#### Extracted information:
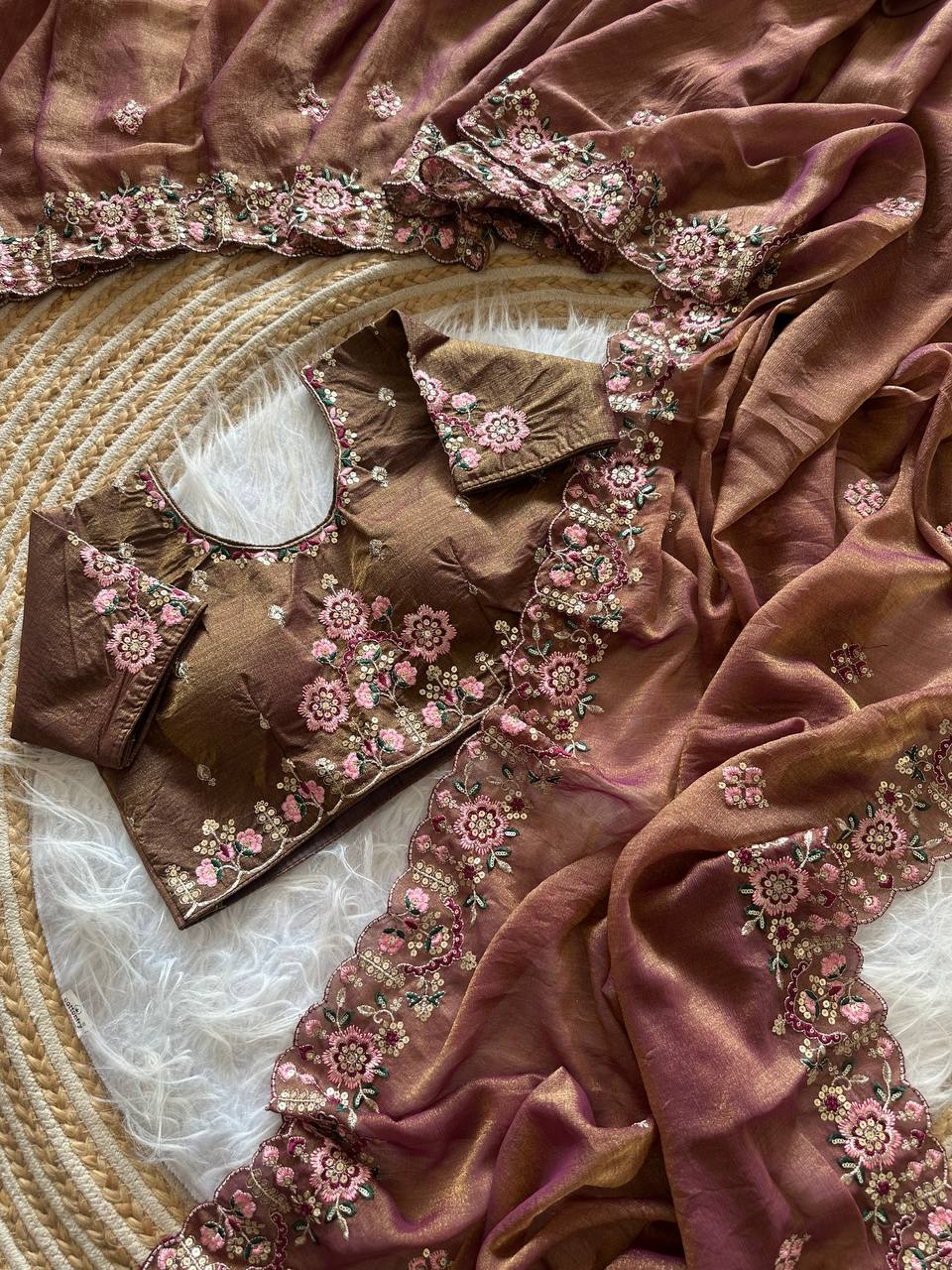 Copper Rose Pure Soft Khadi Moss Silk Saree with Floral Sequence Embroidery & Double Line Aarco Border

* * *

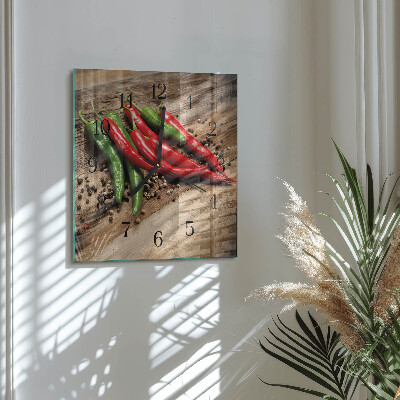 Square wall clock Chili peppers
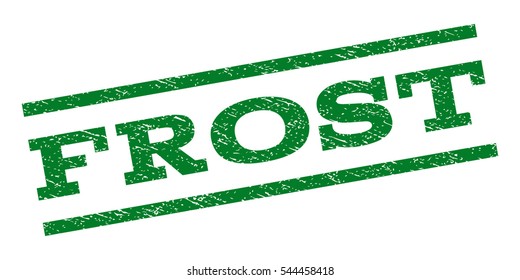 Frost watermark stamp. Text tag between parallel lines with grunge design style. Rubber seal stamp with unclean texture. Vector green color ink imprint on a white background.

#### What is required:
Give the lines above again exactly, from the one containing "Square wall clock Chili peppers" to the one containing "Frost watermark stamp.", both included, but leave out the pictures.

#### Exercise output:
 Square wall clock Chili peppers
 Frost watermark stamp. Text tag between parallel lines with grunge design style. Rubber seal stamp with unclean texture. Vector green color ink imprint on a white background.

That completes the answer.